[Web page caption snippets]
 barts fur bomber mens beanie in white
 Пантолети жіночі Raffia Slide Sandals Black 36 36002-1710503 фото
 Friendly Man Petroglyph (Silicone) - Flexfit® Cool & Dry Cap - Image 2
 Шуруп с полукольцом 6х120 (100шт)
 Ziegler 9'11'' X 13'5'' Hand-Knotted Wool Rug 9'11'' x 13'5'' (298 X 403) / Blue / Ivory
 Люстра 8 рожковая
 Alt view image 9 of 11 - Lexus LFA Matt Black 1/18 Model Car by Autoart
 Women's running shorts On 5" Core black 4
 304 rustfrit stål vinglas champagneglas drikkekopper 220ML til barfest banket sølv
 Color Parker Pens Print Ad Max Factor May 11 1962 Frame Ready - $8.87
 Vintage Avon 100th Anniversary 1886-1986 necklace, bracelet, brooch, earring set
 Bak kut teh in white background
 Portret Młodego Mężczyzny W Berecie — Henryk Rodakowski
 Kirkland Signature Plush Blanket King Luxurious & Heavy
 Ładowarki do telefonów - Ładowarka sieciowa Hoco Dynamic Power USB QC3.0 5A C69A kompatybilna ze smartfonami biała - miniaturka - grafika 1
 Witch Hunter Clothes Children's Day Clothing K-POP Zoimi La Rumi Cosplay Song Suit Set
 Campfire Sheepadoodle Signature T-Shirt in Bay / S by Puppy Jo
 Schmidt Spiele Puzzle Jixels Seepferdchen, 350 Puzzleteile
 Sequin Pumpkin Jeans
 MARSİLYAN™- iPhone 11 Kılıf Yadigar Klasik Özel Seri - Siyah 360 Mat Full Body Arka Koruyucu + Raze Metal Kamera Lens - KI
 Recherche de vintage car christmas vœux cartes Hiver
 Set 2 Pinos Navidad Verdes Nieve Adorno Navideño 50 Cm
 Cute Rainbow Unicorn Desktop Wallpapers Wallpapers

## Required work
Write out each line of the data that holds the string "Signature".

## Response to this task
 Kirkland Signature Plush Blanket King Luxurious & Heavy
 Campfire Sheepadoodle Signature T-Shirt in Bay / S by Puppy Jo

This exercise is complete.